But the truth is that the really meaningful changes are brought about by the people, not by politicians in office who, perforce, can afford to rock the boat only minimally. Even when they do manage to bring about large-scale changes, it is only slowly. The people, on the other hand, can effect massive changes in a jiffy by voting for it.
 
Viewed from this perspective, the real question is: are white American males, even in the Democratic Party, ready for a change that will put either a woman or an American of African origin in the White House?
 
On the strength of the fund-raising activities so far, in what promises to be the first billion-dollar election in history, it would seem that the moneybags are quite happy with the prospect; so why shouldn't the rest be?
 
But Barack Obama is the only US Senator of (half) African origin just now, and one of only three to have been popularly elected so far. The women's count is better "" 16 Senators today, of which 12 are Democrats.
 
If those numbers are any indication, a woman stands a much better chance of being accepted than a Black, except that Clinton has come a poor third in the Iowa primary and has to deal perennially with questions concerning her candour, her real beliefs and policy preferences, and the degree of hostility that she arouses.
 
Obama, interestingly, has Hussein as his middle name, though that does not seem to have made a difference in Iowa.

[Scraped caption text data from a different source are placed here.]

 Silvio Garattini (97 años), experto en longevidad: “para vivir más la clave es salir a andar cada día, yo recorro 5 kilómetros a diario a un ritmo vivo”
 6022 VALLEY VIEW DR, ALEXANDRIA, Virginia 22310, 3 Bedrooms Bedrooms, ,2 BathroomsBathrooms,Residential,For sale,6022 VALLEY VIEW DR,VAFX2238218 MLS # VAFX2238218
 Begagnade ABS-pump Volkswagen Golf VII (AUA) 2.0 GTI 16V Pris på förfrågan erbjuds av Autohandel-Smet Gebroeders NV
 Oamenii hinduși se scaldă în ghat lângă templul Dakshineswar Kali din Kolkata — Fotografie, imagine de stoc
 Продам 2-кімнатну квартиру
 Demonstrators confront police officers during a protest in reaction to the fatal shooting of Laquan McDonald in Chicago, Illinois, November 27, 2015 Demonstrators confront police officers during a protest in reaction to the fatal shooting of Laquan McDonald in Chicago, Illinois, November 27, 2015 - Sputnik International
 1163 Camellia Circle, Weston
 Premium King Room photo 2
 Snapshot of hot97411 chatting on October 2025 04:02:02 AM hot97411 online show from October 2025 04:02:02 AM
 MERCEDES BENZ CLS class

But for his skin colour and name, he is about as conventional as any American one gets, including encounters with alcohol, marijuana and cocaine, apparently to find out who he was.
 
He has been to Columbia and Harvard Law School and worked at a variety of jobs before his election as a Senator in 2004. He wants to end the Iraq War, increase energy independence, and provide universal health care "" all of which should make him very electable.
 
Still, atavistic prejudices tend not to show up till the moment of reckoning, when the button on the ballot box has to be pressed. So, one should not rule out John Edwards, who came second in Iowa, marginally ahead of Clinton.
 
Meanwhile, the Republicans in Iowa have plumped for Mike Huckabee, who describes himself as the only candidate in the field who is not a "wholly-owned subsidiary of Wall Street".
 
He has raised little money so far, runs a chaotic campaign, and gets by with his appeal to evangelical Christians (he is a former preacher) and by preaching a folksy populism that sometimes sounds positively liberal on economic issues.
 
If you are talking of change, that is certainly a huge change from George W Bush's presidency. But Huckabee, who is a successor to Bill Clinton as governor of Arkansas, and who comes from a very humble background, has his own share of Whitewater-type issues: the destruction of 83 office computers, done (it is alleged) to hide trails of forbidden activity.
 
He has also a strong record of pardoning criminals, including in one case someone who was set free and who promptly went out and committed violent crime again.
 
The pundits are already saying that his win in Iowa does not mean he will make it to the White House, but then the pundits had said that Clinton and Mitt Romney were the people to beat. One Iowa primary has changed all that.